» **WHAT TO PRODUCE**:
The word "Gold" marks the lines to keep; find each one in the data and copy it.
=== MATERIAL SHOWN ===
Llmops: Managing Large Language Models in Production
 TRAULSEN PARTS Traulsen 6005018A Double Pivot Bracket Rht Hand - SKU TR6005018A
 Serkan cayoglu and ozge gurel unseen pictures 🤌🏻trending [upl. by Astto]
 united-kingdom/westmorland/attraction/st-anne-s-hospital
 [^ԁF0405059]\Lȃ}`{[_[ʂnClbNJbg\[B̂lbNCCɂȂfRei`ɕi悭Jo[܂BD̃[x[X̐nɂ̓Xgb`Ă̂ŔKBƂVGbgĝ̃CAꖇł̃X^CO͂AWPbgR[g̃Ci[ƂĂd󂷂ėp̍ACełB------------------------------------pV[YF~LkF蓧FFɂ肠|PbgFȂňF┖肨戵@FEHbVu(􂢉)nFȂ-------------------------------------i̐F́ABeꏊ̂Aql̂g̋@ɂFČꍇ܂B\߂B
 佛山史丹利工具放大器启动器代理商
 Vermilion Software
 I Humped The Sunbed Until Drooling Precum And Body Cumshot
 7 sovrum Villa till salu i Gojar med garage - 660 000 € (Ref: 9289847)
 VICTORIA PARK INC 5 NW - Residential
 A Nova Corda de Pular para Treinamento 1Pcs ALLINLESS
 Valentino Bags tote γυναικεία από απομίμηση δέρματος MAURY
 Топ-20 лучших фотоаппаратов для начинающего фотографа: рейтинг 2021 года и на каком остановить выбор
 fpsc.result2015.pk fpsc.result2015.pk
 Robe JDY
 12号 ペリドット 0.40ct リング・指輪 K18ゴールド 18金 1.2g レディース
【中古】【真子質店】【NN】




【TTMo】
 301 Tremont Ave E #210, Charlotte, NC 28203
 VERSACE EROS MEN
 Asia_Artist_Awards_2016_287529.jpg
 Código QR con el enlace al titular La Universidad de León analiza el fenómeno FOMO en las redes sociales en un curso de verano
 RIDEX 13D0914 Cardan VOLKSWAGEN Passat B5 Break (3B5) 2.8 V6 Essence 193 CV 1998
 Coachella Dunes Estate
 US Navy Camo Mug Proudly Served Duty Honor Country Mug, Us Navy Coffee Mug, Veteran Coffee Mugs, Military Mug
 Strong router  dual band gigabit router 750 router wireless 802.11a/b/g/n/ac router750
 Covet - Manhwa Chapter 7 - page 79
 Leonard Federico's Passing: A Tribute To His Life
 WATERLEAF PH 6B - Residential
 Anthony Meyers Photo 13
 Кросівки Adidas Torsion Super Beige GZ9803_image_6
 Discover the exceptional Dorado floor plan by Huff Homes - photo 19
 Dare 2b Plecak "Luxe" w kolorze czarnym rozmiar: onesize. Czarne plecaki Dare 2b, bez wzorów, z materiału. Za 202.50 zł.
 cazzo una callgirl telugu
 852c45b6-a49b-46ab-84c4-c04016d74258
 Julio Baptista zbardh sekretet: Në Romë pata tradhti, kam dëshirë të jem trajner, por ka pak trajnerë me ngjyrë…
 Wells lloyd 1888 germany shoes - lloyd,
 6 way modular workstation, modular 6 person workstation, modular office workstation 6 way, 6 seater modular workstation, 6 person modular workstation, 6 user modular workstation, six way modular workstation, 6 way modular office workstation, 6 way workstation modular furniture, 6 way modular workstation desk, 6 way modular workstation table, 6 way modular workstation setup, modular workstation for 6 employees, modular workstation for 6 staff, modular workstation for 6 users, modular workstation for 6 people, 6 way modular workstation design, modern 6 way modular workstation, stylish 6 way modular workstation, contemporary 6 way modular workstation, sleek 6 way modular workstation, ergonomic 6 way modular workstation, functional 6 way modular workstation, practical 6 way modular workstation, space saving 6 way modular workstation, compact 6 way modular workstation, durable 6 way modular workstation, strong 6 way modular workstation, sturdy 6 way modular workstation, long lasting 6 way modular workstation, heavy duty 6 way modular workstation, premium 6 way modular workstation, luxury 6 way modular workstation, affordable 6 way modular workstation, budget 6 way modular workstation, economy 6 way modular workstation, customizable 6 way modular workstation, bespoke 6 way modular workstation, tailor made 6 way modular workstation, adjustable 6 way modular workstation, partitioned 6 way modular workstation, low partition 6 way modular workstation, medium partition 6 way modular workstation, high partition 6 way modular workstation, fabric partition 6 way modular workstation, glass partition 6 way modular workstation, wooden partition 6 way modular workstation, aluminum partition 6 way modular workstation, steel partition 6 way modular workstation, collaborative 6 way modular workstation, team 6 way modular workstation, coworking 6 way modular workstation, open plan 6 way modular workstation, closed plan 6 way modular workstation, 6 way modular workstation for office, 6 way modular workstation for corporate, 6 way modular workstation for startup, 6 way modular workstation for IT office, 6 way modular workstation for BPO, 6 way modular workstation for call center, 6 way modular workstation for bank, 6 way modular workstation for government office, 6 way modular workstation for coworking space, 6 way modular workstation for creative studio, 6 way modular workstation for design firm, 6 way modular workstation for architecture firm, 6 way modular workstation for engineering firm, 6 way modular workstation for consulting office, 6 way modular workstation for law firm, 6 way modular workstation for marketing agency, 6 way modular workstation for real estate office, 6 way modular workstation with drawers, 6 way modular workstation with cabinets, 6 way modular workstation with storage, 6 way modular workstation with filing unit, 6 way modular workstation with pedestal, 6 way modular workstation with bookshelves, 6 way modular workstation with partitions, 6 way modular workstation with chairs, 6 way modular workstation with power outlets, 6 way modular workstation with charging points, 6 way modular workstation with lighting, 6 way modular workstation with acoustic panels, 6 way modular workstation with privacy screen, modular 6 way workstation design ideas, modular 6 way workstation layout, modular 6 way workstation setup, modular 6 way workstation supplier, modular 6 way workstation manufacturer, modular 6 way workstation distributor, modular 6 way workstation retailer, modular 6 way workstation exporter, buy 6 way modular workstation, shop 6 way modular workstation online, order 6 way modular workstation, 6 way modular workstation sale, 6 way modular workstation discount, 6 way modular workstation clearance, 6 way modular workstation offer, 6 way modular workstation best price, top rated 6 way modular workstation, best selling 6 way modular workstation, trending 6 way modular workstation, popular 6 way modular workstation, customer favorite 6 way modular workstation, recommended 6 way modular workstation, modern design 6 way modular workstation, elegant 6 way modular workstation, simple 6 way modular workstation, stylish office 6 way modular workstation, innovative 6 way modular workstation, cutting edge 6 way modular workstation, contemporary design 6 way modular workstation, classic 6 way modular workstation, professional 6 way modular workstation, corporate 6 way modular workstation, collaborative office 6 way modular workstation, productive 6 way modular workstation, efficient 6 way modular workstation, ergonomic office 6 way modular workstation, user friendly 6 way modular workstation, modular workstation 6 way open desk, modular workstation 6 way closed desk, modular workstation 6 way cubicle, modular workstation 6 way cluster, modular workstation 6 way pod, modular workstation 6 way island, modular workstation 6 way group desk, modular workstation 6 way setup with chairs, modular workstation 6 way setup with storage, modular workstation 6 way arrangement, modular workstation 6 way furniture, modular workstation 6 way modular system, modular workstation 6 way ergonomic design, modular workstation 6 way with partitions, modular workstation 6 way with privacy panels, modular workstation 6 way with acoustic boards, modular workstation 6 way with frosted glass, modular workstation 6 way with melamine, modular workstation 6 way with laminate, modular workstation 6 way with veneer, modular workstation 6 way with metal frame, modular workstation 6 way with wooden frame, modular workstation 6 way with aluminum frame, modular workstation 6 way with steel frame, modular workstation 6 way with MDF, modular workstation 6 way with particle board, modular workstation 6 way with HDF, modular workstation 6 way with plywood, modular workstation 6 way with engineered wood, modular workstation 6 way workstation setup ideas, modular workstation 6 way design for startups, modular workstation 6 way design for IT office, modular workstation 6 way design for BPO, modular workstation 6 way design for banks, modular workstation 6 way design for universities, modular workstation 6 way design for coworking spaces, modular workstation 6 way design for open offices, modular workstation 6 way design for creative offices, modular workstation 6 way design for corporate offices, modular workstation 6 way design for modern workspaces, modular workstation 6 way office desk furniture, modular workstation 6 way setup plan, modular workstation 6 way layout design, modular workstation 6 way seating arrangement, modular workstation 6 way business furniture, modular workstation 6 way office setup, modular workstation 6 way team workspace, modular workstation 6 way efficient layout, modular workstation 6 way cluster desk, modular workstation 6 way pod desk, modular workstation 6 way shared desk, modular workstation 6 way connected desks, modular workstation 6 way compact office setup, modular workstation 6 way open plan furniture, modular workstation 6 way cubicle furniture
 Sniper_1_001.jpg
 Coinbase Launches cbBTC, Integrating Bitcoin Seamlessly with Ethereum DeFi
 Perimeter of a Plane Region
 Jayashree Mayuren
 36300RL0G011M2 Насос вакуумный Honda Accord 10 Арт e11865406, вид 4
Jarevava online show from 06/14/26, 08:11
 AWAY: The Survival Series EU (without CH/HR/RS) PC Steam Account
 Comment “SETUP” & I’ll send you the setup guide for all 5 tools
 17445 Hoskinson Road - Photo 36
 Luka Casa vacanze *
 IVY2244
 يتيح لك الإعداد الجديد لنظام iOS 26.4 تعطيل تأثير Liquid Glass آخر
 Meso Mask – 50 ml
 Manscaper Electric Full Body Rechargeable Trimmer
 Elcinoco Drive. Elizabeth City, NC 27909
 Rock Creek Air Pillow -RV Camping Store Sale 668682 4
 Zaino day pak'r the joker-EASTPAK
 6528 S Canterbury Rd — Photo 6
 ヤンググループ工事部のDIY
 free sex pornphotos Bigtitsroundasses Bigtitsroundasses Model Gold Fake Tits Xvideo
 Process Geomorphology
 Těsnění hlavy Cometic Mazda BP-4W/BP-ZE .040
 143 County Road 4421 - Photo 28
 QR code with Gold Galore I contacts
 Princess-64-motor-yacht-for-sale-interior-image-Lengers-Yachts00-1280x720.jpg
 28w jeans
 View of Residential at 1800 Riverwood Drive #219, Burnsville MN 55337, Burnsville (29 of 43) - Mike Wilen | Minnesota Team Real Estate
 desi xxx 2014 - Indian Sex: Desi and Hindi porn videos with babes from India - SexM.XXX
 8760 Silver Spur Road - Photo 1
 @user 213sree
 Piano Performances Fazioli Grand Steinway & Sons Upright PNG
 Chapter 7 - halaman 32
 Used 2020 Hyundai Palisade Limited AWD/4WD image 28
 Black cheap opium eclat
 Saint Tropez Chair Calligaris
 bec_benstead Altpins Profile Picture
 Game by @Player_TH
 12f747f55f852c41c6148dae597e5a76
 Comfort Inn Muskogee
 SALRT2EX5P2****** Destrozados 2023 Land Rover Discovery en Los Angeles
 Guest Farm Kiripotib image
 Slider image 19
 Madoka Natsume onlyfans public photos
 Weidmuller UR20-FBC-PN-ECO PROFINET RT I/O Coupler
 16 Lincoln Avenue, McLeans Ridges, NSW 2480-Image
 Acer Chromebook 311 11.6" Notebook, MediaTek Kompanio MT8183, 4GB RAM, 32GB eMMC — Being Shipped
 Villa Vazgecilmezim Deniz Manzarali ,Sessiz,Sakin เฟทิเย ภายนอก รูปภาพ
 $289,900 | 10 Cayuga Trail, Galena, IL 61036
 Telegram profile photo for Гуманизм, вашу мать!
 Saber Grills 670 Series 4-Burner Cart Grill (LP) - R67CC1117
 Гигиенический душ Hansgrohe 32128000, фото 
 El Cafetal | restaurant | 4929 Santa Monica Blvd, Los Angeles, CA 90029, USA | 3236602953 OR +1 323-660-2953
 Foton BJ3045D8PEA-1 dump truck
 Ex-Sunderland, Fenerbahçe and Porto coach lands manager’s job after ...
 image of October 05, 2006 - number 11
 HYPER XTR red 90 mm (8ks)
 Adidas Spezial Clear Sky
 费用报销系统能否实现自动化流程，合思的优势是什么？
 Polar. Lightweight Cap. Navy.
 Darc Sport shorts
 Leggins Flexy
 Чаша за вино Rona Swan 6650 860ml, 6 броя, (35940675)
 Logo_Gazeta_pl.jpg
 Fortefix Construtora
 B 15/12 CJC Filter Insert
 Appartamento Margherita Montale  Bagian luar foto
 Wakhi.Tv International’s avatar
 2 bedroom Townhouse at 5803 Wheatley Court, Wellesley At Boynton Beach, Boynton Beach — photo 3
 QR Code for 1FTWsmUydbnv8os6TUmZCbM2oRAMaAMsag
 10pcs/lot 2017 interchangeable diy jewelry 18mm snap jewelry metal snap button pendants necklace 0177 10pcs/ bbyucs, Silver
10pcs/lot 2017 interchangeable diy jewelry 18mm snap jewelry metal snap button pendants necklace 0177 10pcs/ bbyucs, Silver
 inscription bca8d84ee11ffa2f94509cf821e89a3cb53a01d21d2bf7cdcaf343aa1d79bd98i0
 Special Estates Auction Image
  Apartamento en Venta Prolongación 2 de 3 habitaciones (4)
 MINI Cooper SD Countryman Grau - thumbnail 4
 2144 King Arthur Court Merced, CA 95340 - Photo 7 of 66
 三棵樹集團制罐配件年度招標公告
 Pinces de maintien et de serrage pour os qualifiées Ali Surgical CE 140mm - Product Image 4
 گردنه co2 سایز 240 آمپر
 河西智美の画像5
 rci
===
» **SOLUTION FOR THIS TASK**:
 free sex pornphotos Bigtitsroundasses Bigtitsroundasses Model Gold Fake Tits Xvideo
 QR code with Gold Galore I contacts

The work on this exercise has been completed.